Find the node where two singly linked lists merge. The two-pointer trick lets you align them in O(n + m) time and O(1) space — a satisfying elegant solve once you see it.

By Alex Chen, Founder, InterviewChamp.AI · Last verified

Problem

Given the heads of two singly linked-lists headA and headB, return the node at which the two lists intersect. If the two linked lists have no intersection at all, return null.

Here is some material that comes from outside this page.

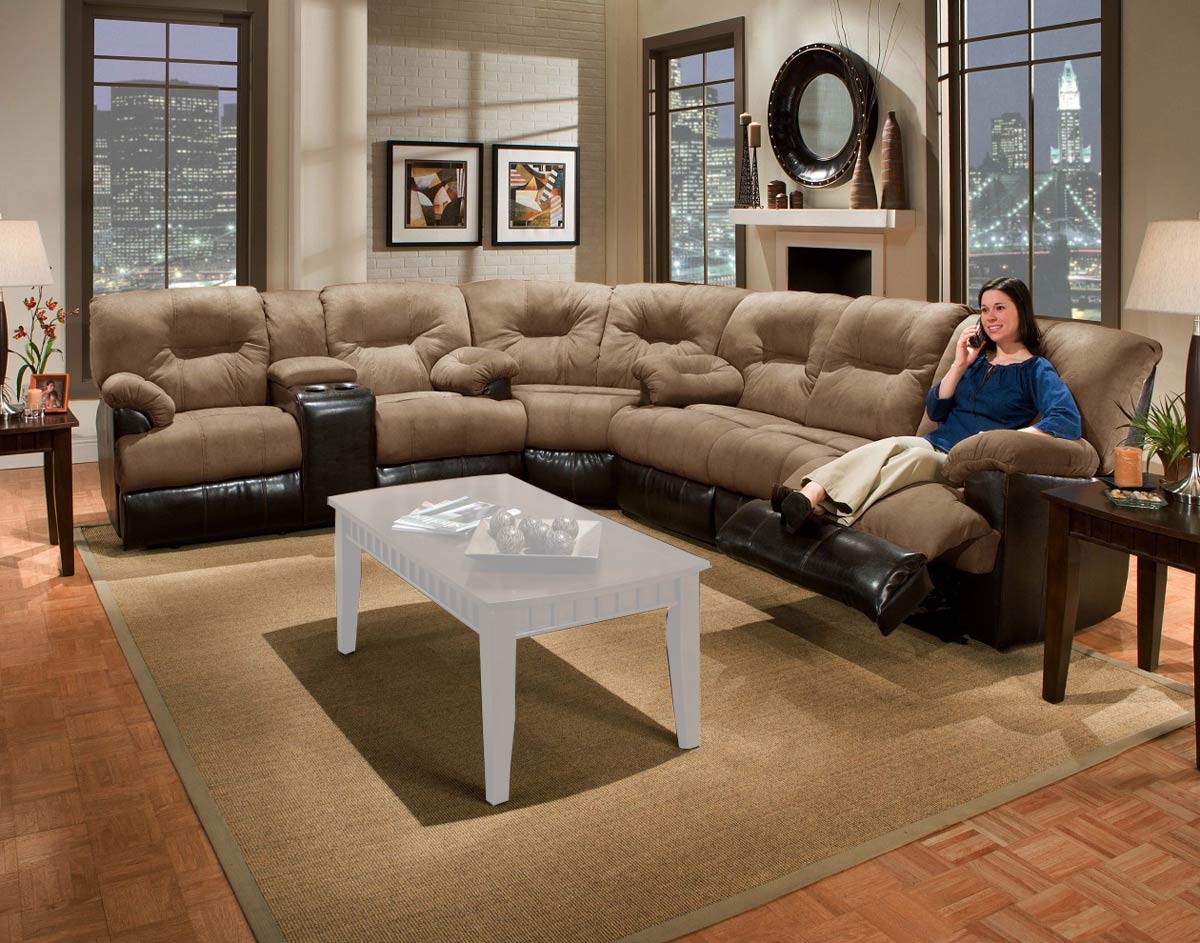 Chelsea Home Wilmington 3 Piece Reclining Sectional Sofa - Brown Bicast/Toronto Espresso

The lists must retain their original structure after the function returns.

Constraints

  • The number of nodes of listA is in the m.
  • The number of nodes of listB is in the n.
  • 1 <= m, n <= 3 * 10^4
  • 1 <= Node.val <= 10^5
  • 0 <= skipA < m, 0 <= skipB < n

Examples

Example 1

Input
intersectVal = 8, listA = [4,1,8,4,5], listB = [5,6,1,8,4,5], skipA = 2, skipB = 3
Output
Intersected at '8'

Explanation: From the head of A, it reads as [4,1,8,4,5]. From the head of B, it reads as [5,6,1,8,4,5].

Example 2

Input
intersectVal = 0, listA = [2,6,4], listB = [1,5], skipA = 3, skipB = 2
Output
No intersection

Explanation: From the head of A, it reads as [2,6,4]. From the head of B, it reads as [1,5]. Lists do not share any nodes.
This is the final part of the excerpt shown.